Code: forward and backward pass from scratch
import numpy as np
# Activation functions and their gradients
def relu(z): return np.maximum(0, z)
def relu_grad(z): return (z > 0).astype(float)
def sigmoid(z): return 1 / (1 + np.exp(-z))
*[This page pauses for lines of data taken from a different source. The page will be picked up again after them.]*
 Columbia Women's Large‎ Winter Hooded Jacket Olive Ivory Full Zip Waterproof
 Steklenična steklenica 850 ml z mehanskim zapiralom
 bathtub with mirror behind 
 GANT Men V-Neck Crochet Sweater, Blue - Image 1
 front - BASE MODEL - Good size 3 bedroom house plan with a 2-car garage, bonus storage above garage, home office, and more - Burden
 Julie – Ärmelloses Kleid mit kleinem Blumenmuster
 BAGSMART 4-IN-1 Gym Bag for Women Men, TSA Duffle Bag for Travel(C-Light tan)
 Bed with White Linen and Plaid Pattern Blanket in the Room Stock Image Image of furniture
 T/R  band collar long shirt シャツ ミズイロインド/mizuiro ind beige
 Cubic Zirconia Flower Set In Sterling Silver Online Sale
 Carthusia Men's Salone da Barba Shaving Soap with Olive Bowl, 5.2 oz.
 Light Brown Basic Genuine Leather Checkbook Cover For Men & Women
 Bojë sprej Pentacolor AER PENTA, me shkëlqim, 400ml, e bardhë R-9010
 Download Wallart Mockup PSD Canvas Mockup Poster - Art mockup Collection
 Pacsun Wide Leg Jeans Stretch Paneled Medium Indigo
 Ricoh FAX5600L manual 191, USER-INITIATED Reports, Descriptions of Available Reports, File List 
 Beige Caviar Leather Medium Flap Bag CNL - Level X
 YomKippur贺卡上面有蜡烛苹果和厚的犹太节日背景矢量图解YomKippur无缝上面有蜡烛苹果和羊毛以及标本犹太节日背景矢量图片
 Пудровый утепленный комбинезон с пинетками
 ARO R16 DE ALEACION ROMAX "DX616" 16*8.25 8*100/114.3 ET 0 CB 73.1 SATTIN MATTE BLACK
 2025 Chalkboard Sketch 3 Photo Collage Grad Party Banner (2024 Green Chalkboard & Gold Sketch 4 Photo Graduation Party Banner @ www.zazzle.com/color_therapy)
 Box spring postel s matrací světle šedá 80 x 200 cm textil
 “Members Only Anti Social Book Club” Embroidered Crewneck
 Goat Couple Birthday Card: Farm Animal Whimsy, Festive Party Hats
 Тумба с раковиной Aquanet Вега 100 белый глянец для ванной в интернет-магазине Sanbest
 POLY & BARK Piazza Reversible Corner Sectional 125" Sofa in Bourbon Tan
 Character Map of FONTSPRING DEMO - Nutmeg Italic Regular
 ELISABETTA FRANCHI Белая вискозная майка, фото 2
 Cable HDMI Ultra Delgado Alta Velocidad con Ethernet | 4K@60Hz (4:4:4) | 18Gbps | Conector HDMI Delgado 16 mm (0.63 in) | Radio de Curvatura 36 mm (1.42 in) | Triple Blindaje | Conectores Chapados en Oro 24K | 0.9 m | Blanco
def sigmoid_grad(z): s = sigmoid(z); return s * (1 - s)
def softmax(z):
e = np.exp(z - z.max()) # subtract max for numerical stability
return e / e.sum()
# Tiny 2-layer network: input(2) -> hidden(3, ReLU) -> output(1, sigmoid)
np.random.seed(42)
W1 = np.random.randn(3, 2) * 0.1 # (hidden, input)
b1 = np.zeros(3)
W2 = np.random.randn(1, 3) * 0.1 # (output, hidden)
b2 = np.zeros(1)
x = np.array([1.0, 0.5])
y_true = np.array([1.0])
# --- Forward pass ---
z1 = W1 @ x + b1
a1 = relu(z1)
z2 = W2 @ a1 + b2
a2 = sigmoid(z2)
loss = ((a2 - y_true) ** 2).mean()
print(f"Loss: {loss:.4f}")
# --- Backward pass ---
lr = 0.1
dL_da2 = 2 * (a2 - y_true) / y_true.size # MSE gradient
dL_dz2 = dL_da2 * sigmoid_grad(z2) # through sigmoid
dL_dW2 = np.outer(dL_dz2, a1) # weight gradient
dL_db2 = dL_dz2
dL_da1 = W2.T @ dL_dz2 # back through W2
dL_dz1 = dL_da1 * relu_grad(z1) # through ReLU
dL_dW1 = np.outer(dL_dz1, x) # weight gradient
dL_db1 = dL_dz1
# --- Update ---
W2 -= lr * dL_dW2
b2 -= lr * dL_db2
W1 -= lr * dL_dW1
b1 -= lr * dL_db1
print("Weights updated.")
Code: same network with PyTorch autograd
import torch
import torch.nn as nn
# PyTorch computes backprop automatically via autograd
model = nn.Sequential(
nn.Linear(2, 3),
nn.ReLU(),
nn.Linear(3, 1),
nn.Sigmoid(),
)
x = torch.tensor([[1.0, 0.5]])
y_true = torch.tensor([[1.0]])
optimizer = torch.optim.SGD(model.parameters(), lr=0.1)
loss_fn = nn.MSELoss()
# Forward
y_pred = model(x)
loss = loss_fn(y_pred, y_true)
print(f"Loss: {loss.item():.4f}")
# Backward (chain rule computed automatically)
optimizer.zero_grad()
loss.backward()
# Inspect a gradient
print("Gradient for first Linear weight:")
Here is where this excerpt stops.